ANCONA – «Ci hanno fermato, sia dal punto di vista degli investimenti che delle compravendite: finché il quadro non sarà più chiaro nessuno se la sente di fare nuovi investimenti. Il pensiero che con un’asta si possa perdere l’attività a cui si è dedicata una vita intera, magari tramandata anche di famiglia in famiglia, ci getta nello sconforto». Nelle parole di Romano Montagnoli, responsabile regionale Sib (Sindacato Italiano Bagnini) si percepisce chiaramente l’apprensione di un intero settore, quello degli operator balneari sulla cui testa pende la spada di Damocle della direttiva Bolkestein che prevede la messa in gara di tutte le concessioni balneari.
A gettare nello sconforto «è soprattutto la pronuncia del Consiglio di Stato del novembre scorso che, consegna come non scritta, la proroga al 2033, periodo congruo per fare una buona riforma e dare tempo agli enti locali di organizzarsi». Una direttiva, quella europea, che mette a rischio la sopravvivenza delle imprese balneari, spesso a dimensione familiare, che negli anni hanno finto per rappresentare un punto di riferimento per le località di vacanza e per intere generazioni. Le stesse imprese che hanno creato occupazione e che hanno investito denaro per la ricettività.
Proprio in questi giorni il Consiglio dei ministri ha approvato l’emendamento con le nuove regole che entrerà nel decreto legge Concorrenza e il disegno di legge che delega il governo a presentare entro se mesi la riforma delle concessioni balneari, con la revisione dei canoni. Ad oggi però per i balneari l’unico punto di riferimento è rappresentato dalla data del primo gennaio 2024, quando le spiagge torneranno libere e chiunque potrà partecipare alla gara per l’assegnazione di una o più concessioni balneari. Le gare saranno aperte a tutti, inclusi microimprese ed enti del Terzo settore.
Le attuali concessioni dunque continueranno ad essere valide fino al 31 dicembre 2023, la durata però non sarà superiore a quanto necessario per garantire al concessionario un ammortamento e una equa remunerazione degli investimenti fatti. Niente proroghe e rinnovi automatici. Il governo prevederebbe una specie di prelazione per chi ha avuto la concessione nei cinque anni precedenti la gara, come unica fonte di reddito, e un indennizzo per il concessionario uscente da parte del nuovo.
Anche se è stato fatto un passo avanti, tra gli operatori del settore la preoccupazione è forte.
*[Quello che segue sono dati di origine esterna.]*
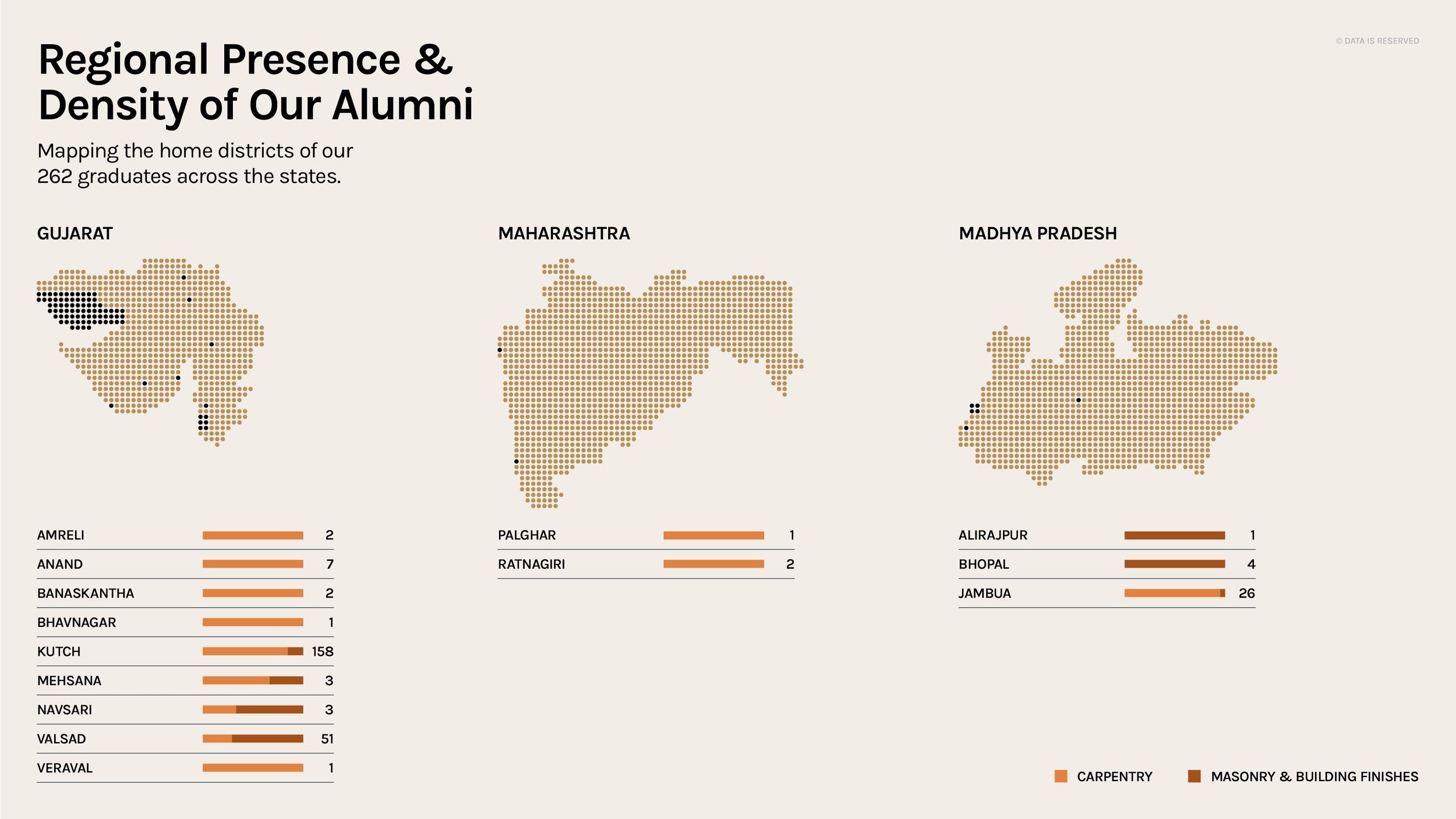 Map showing the distribution of alumni from Gujarat, Maharashtra, and Madhya Pradesh states, with bar charts indicating their home districts and counts for carpentry and masonry & building finishes.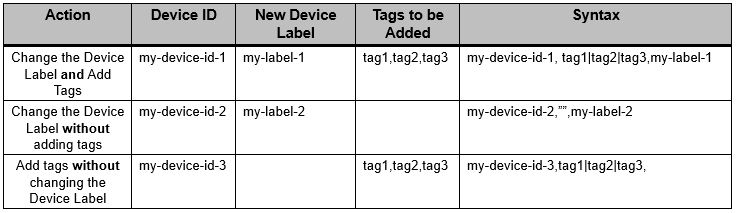 Syntax of CSV file to import tags and labels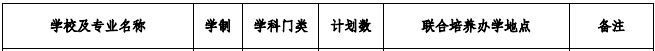 2021年蕪湖職業(yè)技術(shù)學(xué)院與安徽工程大學(xué)聯(lián)合培養(yǎng)專升本招生計劃(圖1)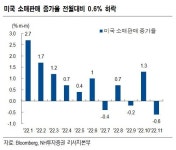 “FOMC 여진에 지표까지 부진”...美 급락에 韓 증시 대응은?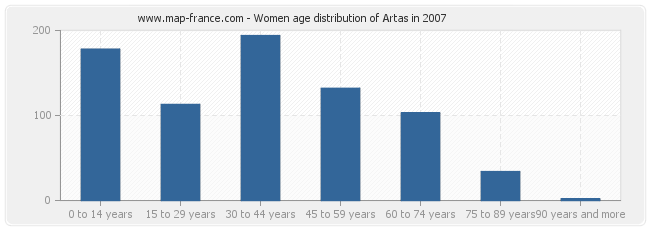 Women age distribution of Artas in 2007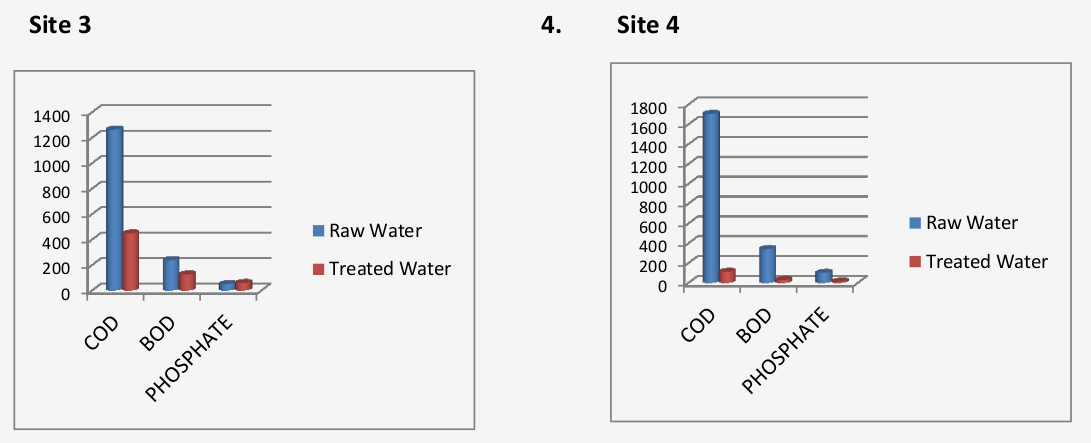 Cpmarison Chat of Raw Water and Treated Water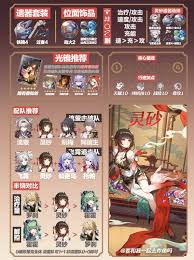「星穹铁道攻略」灵砂最强出装与最佳拍档搭配推荐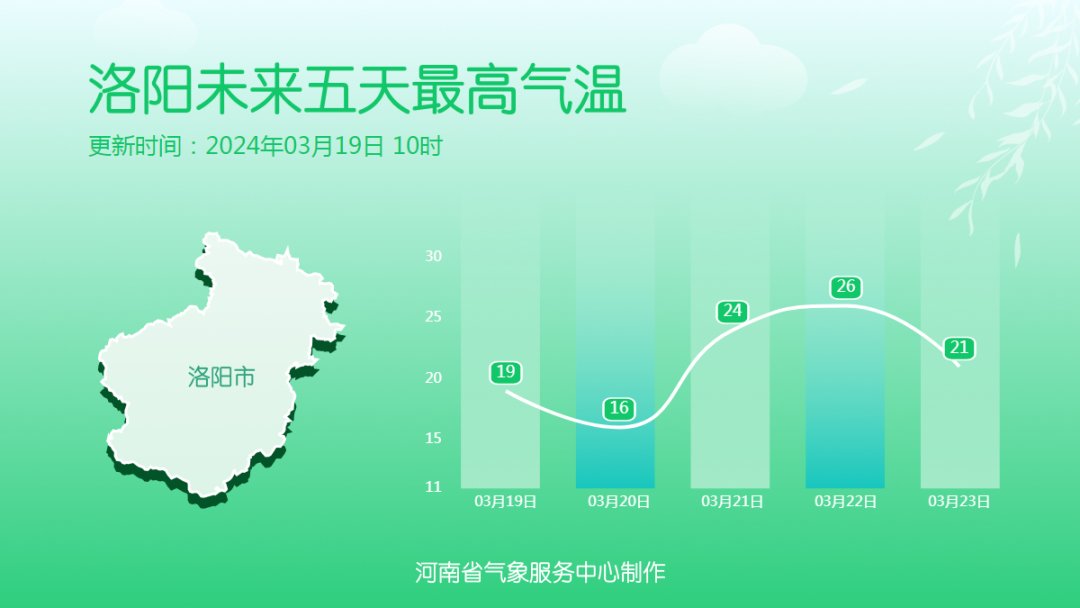 晴暖回归，周五河南多地最高气温可达25℃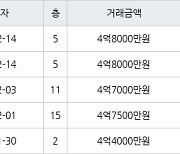 수원 영통동 영통벽적골두산한신 59㎡ 4억4000만원에 거래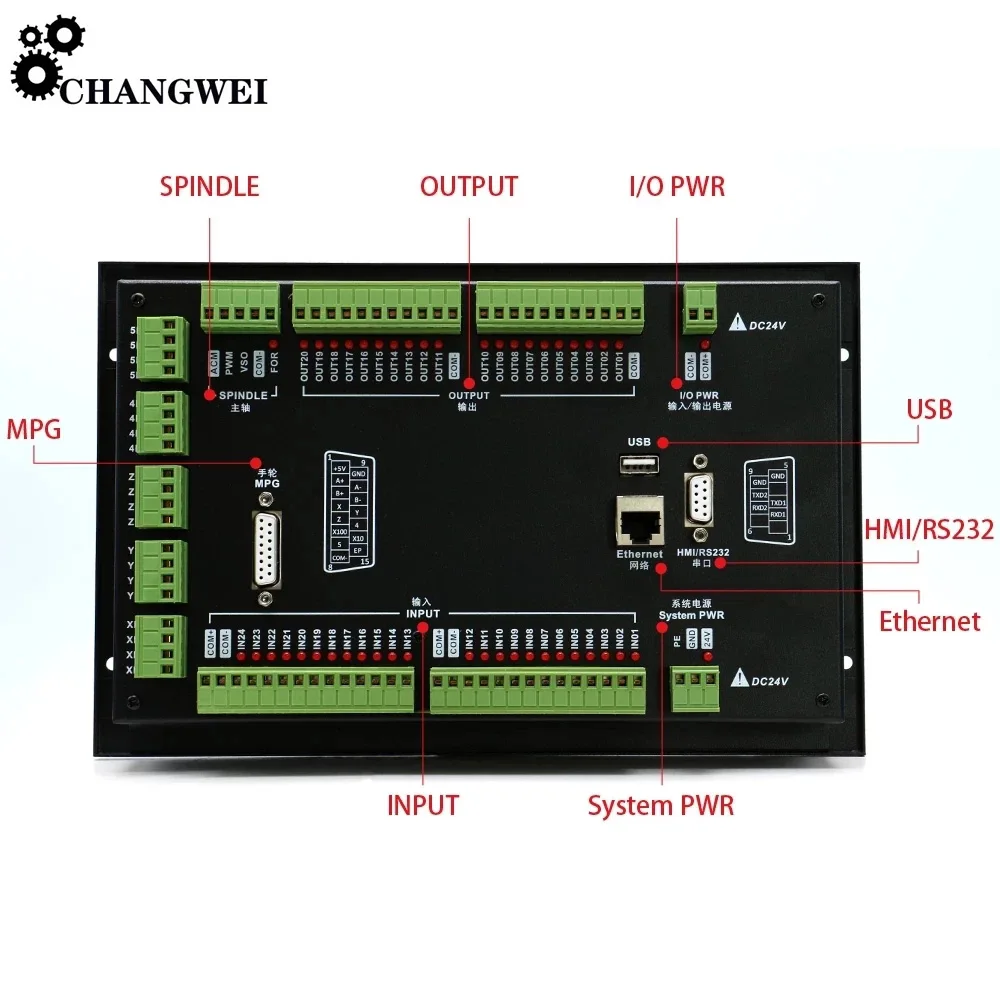 Newly upgraded CNC offline controller DDCS-EXPERT 3/4/5 axis 1MHz G code for CNC machining and engraving instead of DDCSV3.1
Nelle Marche le concessioni sono poco meno di un migliaio e gli operatori attorno ai 700, per lo più «piccole imprese, a conduzione familiare, a cui però il Governo ha promesso una tutela maggiore» spiega Montagnoli. «Se la situazione non si sblocca – aggiunge – dal primo gennaio 2024 saremo abusivi, su quelle spiagge in cui abbiamo lavorato ed investito una vita, in termini di sacrifici, capitali e lavoro».
Ora «l’emendamento approvato in Consiglio dei Ministri ha accolto alcune nostre richieste – afferma – come la tutela del valore aziendale in fase di gara, le professionalità che nel tempo si sono sviluppate e la salvaguardia delle piccole e medie imprese. Nonostante i passi avanti però il quadro non è ancora risolto e non possiamo ancora dirci soddisfatti. La nostra speranza è che le imprese del settore vengano salvaguardate, non solo per noi stessi, ma anche per l’interesse pubblico. Come sindacato stiamo per protocollare un ricorso in cassazione contro una sentenza che giudichiamo ingiusta», conclude.